Exploring the local food in UVM’s dining halls

George Weed, Feature Writer

A small truck steered around the corner and backed into the loading dock. In its refrigerated compartment, 1,500 pounds of diced potatoes sat alongside cases of local produce.

Bailey Samber/The Vermont Cynic

This week’s shipment arrived at UVM from Intervale Food Hub, a Burlington-based food distributor. According to the Food Hub’s purchasing manager, Keith Drinkwine, the organization is committed to connecting local farms with buyers ranging from households to institutions.

“We work with about 20 different farms within a 50-mile range to aggregate and distribute the food they produce,” Drinkwine said. “UVM is our largest wholesale account.”

As a large public university, UVM needs to dedicate a substantial amount of time and resources into the food options on campus.

Since 2008, the Real Food Challenge has been helping to structure how universities rely on sustainable food. According to UVM’s website, UVM signed the Real Food Campus Commitment in 2012.

According to the Real Food Challenge website, RFC aims to divert 20% of university food budgets nationwide towards local and community-based, fair, ecologically sound and humane sources.

Marissa Watson, UVM Dining sustainability manager, said that these distinctions help UVM and its food service provider, Sodexo, effectively support producers that promote ecological, economic and social sustainability.

“I think the RFC has helped us to not only support local farms, but also organic and fair trade farmers,” Watson said. “It is a really tangible and effective way to improve not only our personal health, but the health of our communities.”

According to the Real Food Calculator, UVM’s 17 Sodexo locations, including dining halls and restaurants, passed 26% Real Food in 2018.

Though UVM has made apparent progress with their food sourcing in recent years, the definition of “local” food may be different than the average student would think.

Bailey Samber/The Vermont Cynic

According to the 2018 Real Food Guide qualifications, produce can be defined as local if it is sourced within 250 miles of the buyer, and the individual farmer must make less than $5 million a year.

For meat, dairy, eggs and baked goods to be considered local, all production, processing and distribution facilities must exist within a 500-mile radius of the end consumer. The company or cooperative must also make less than $50 million a year.

Cities such as Detroit and Washington, D.C. might not be considered local to Vermonters, but they are still within the limits of this food radius.

David Conner, an economics professor at UVM who specializes in the economics of sustainable food systems, said this tendency to attach personal definitions to “local” comes from exposure to consumer markets, rather than a broader look at the local agricultural landscape.

“When people think of local farms, they think about who they see at a farmers market,” Conner said. “They probably don’t think of a commodity dairy farm as being local, because [large farms] don’t sell to local markets.”

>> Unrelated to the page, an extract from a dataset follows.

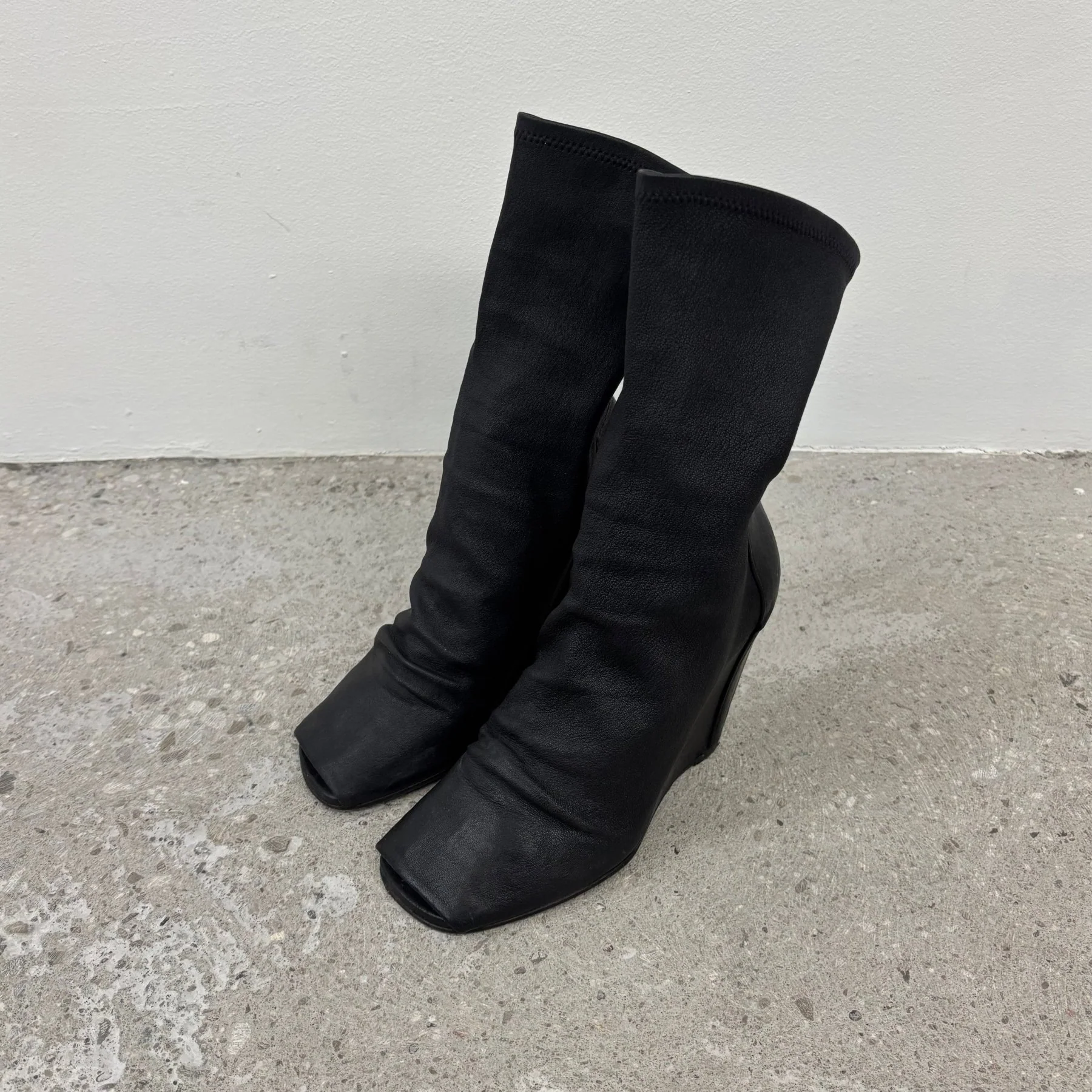 Rick Owens Larry Sock Open Toe Wedge Heels - Image 2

While personal definitions of “local” may help small farms to create positive associations in direct markets, Conner said these associations do the opposite in wholesale markets, where small vendors have to compete with larger companies who also label their food as local.

Small farms simply do not have the scale to meet the need of an institution like UVM, though having a large university as a consistent buyer can provide unmatched financial security, Conner said.

Though a 250 to 500-mile radius may seem to change the meaning of “local,” this distance is much less than the average mileage that the typical American food product travels from farm to table. The typical distance is 1,500 to 2,500 miles, according to a 2002 Worldwatch Institute study.

“[Sodexo is] buying a lot of local food, and making a significant contribution to the agricultural economy and the working landscape,” Conner said. “I truly believe that their hearts are in the right place. They are dedicated to this.”

With his experience working with local food and at the Intervale, Drinkwine said choosing local means being able to meet the person that grows your food.

“It is about being able to shake the hand of the person who grew your food and ask them questions, or trusting them enough not to need to,” Drinkwine said.

This, he said, makes 26% Real Food an impressive figure.

Campus Executive Chef Brandon Williams said UVM is making significant progress in the right direction, and he attributes the movement’s success to his team, but also to students.

“None of this would be possible if it weren’t for the students,” Williams said. “I encourage students to engage more, and pay closer attention to what you are eating,”

Most importantly, he thinks students should ask questions and take the time to figure out what “real food” actually means.